A integridade democrática presente em cada parte do todo é, portanto, crucial para a estabilidade e a eficácia das sociedades democráticas. Falhas em qualquer desses aspectos podem minar a confiança pública nas instituições e, consequentemente, levar a crises institucionais, políticas e sociais.

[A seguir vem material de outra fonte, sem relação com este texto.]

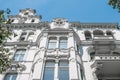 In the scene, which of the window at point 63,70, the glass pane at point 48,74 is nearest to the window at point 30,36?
the window at point 63,70

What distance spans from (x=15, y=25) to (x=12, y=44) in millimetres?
5638

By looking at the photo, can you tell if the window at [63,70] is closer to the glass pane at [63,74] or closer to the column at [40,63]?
the glass pane at [63,74]

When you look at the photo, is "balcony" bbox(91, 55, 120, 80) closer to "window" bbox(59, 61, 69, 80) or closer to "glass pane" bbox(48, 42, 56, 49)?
"window" bbox(59, 61, 69, 80)

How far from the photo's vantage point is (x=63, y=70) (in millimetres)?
21422

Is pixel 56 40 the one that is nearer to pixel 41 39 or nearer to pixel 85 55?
pixel 41 39

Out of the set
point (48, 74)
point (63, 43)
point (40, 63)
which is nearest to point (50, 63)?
point (40, 63)

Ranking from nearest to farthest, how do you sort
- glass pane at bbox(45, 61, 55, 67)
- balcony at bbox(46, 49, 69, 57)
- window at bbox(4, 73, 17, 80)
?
1. glass pane at bbox(45, 61, 55, 67)
2. window at bbox(4, 73, 17, 80)
3. balcony at bbox(46, 49, 69, 57)

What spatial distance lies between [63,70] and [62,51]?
3.62 meters

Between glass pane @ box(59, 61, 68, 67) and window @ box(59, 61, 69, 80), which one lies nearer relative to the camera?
window @ box(59, 61, 69, 80)

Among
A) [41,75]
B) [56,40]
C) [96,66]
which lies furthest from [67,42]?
[41,75]

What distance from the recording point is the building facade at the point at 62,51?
2208cm

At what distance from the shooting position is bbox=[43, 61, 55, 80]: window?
20422 mm

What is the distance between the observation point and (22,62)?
84.2 feet

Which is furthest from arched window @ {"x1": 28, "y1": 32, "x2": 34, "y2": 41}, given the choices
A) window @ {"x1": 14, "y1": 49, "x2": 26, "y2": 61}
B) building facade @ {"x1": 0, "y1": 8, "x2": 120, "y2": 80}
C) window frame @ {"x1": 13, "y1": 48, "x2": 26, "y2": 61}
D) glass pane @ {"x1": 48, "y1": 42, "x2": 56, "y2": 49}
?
glass pane @ {"x1": 48, "y1": 42, "x2": 56, "y2": 49} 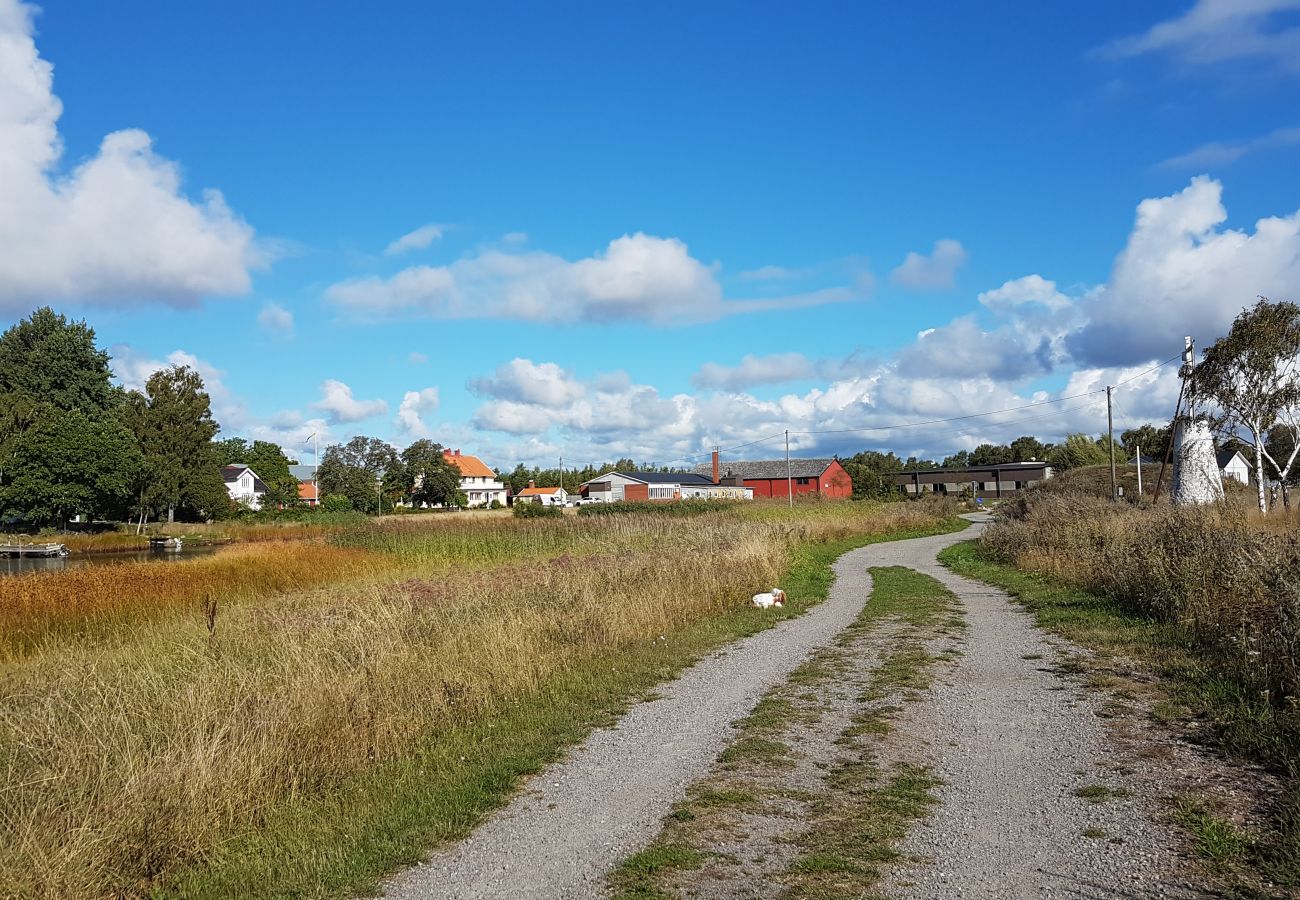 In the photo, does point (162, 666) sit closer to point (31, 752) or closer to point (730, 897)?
point (31, 752)

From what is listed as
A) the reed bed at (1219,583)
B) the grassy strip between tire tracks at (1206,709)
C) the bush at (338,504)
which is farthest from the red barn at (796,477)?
the grassy strip between tire tracks at (1206,709)

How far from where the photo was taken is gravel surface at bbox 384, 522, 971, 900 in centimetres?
477

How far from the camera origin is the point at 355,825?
564cm

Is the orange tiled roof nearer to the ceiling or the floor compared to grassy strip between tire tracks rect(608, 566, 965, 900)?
nearer to the ceiling

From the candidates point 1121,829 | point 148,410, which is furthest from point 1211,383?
point 148,410

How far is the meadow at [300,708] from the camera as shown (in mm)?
5098

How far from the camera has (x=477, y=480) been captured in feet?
445

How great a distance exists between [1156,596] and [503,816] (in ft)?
36.4

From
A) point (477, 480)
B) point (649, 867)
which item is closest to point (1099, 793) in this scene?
point (649, 867)

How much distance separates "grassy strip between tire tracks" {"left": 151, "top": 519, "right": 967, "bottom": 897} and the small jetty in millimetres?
45157

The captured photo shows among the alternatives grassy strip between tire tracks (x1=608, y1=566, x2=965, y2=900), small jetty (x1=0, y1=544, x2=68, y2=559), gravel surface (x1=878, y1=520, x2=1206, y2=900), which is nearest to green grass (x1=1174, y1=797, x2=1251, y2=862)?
gravel surface (x1=878, y1=520, x2=1206, y2=900)

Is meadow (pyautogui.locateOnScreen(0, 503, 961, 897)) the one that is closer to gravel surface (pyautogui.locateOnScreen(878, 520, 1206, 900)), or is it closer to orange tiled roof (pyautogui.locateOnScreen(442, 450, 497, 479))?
gravel surface (pyautogui.locateOnScreen(878, 520, 1206, 900))

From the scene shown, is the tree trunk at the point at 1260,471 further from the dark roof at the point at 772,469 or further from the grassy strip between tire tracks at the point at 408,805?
the dark roof at the point at 772,469

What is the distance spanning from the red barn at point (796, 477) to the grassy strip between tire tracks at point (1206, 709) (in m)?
73.0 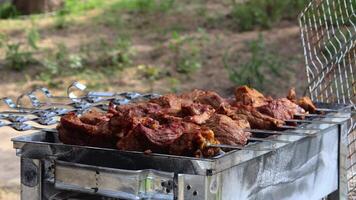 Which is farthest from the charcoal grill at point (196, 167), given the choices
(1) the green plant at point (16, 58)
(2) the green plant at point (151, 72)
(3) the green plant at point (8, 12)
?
(3) the green plant at point (8, 12)

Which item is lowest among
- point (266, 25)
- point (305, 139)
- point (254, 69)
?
point (305, 139)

No entanto, ao pesquisar a expressão “integridade democrática”, seja em fontes especializadas, seja com o auxílio da inteligência artificial, percebe-se a ausência de uma definição técnica consolidada para o termo. Em busca recente, foram localizados sete artigos e duas jurisprudências utilizando a expressão, mas sem a fixação de um conceito doutrinário próprio.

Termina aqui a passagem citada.